In 2009, she received Third Prize at the 44th Antonín Dvořák International Competition (Czech Republic). In 2011, she won the First Prize and the People’s Choice award at the Second International Singing Competition for Baroque Opera in Innsbruck (Austria). The same year, she won the Grand Prix of Verbier Festival Academy (Switzerland). She has sung in several masterclasses, notably with Barbara Bonney, Kiri Te Kanawa, Sylvia Sass, Laszlo Polgar, Nancy Argenta, Deborah York and Stephen Stubbs at the Longy School of Music, Boston.
Early on in her career, she was invited to perform as soloist at festivals and venues as renowned as the Palace of Arts and the Budapest State Opera in Hungary, the Theater an der Wien, Amsterdam’s Concertgebouw, the Théâtre des Champs-Elysées, the Opéra Royal de Versailles and the Verbier Festival in Switzerland; the Nikolaisaal in Potsdam, the Braunschweig Staatstheater, and the Brandeburger Theatre in Germany, and the Concert Hall of the Tchaikovsky Conservatory in Moscow, Russia.
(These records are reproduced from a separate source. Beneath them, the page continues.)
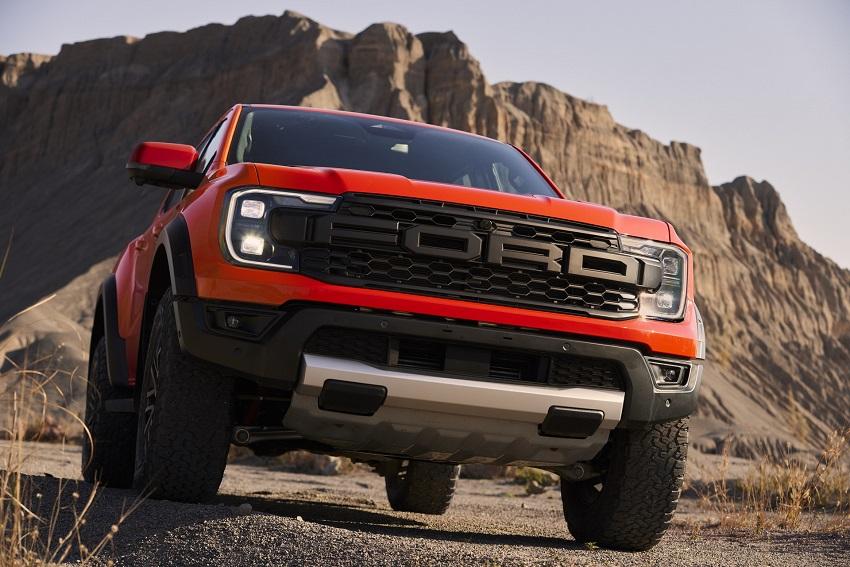 Ranger Raptor 融合 F-150 Raptor 諸多特徵，展現威風凜凜的氣勢。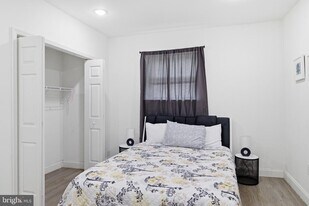 925 N Broad St in Philadelphia, PA - Building Photo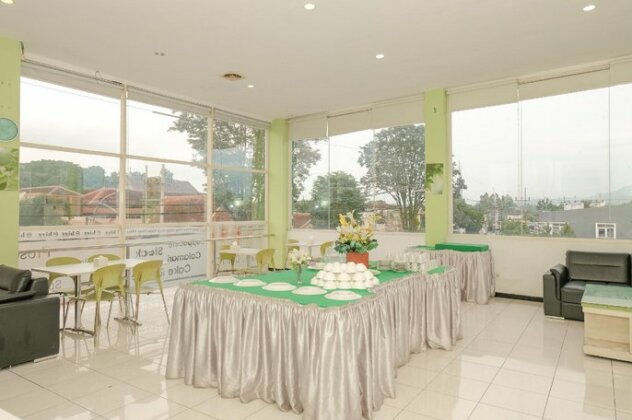 Ebizz Hotel Jember - Photo3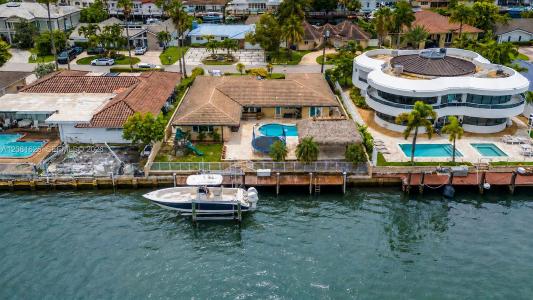3324 NE 167th St, North Miami Beach, Florida 33160, USA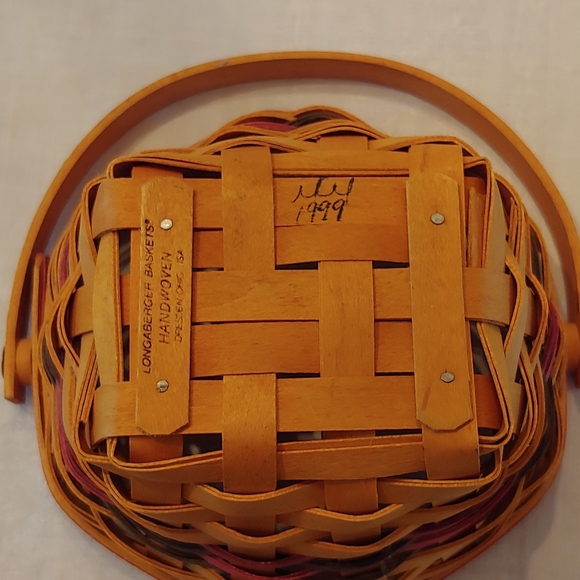 Longaberger Award Basket - Picture 6 of 15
She also appears regularly at the Boston Early Music Festival.
The late Alan Curtis was one of the first conductors to discover her talent, giving her the opportunity to sing in prestigious productions of works by Handel – Giulio Cesare (Sesto, alongside Karina Gauvin and Marie-Nicole Lemieux), Admeto (Antigona), Amadigi di Gaula (Oriana), Arianna in Creta (Alceste), and in prestigious venues such as the Theater an der Wien, Auditorio nacional in Madrid and the Théâtre des Champs-Élysées. Handel occupies an important place in her repertoire: she has sung Messiah (Detroit Symphony Orchestra and National Symphony Orchestra Washington, Nathalie Stutzmann conducting), Almirena in Rinaldo (Il Pomo d’Oro and riccardo minasi), Armindo in Partenope (Il Pomo d’Oro and Maxym Emelyanychev, with a recording on Erato), Morgana in Alcina (Accademia Bizantina and Ottavio Dantone, with Inga Kalna and Philippe Jaroussky) and Asteria in Tamerlano (Les ambassadeurs and Alexis Kossenko). In April 2014, she sang the soprano part in Duello Amoroso, a pasticcio after Handel, with Nathalie Stutzmann conducting the ensemble Orfeo 55 at the Bordeaux Opera (with Jean-Louis Grinda as stage director).
She is in demand in repertoire by the composers of the Seicento, having sung the title-role in Elena by Cavalli (Cappella Mediterranea conducted by Leonardo García Alarcón, with Jean-Yves Ruf as stage director – Festival d’Aix-en-Provence), Romilda in Xerse by the same composer (Le Concert d’Astrée, Emmanuelle Haïm, with a staging by Guy Cassiers – Lille Opera, Théâtre de Caen, Theater an der Wien) and in Cavalli’s Hipermestra at Glyndebourne with William Christie (a Graham Vick production). She took on the title-role of Monteverdi’s L’Incoronazione di Poppea at the Innsbruck Festival and the Budapest Palace of the Arts, and the same composer’s Euridice in L’Orfeo (Les Talens Lyriques and Christophe Rousset, Claus Guth as director). She sang Monteverdi’s Selva morale e spirituale with Concentus musicus Wien conducted by Pablo Heras Casado.
In 2017/2018, she sings the role of the Angel in Messiaen’s Saint François d’Assise with Sylvain Cambreling and the Yomiuri Symphony Orchestra Japan, Bach’s Magnificat and Handel’s Dixit Dominus with Emmanuelle Haïm and Le Concert d’Astrée and Bach’s Mass in B minor with Concentus Musicus Wien. Following the release of the recording of Gluck’s Orfeo ed Euridice (Erato), she performs in the work at the Théâtre des Champs-Élysées and in Versailles alongside Philippe Jaroussky and Patricia Petibon, under the baton of Diego Fasolis and with a staging by Robert Carsen.
Having released three recordings for Erato, Emőke Baráth signed an exclusive recording contract with the label in 2018, with her debut solo album released early 2019.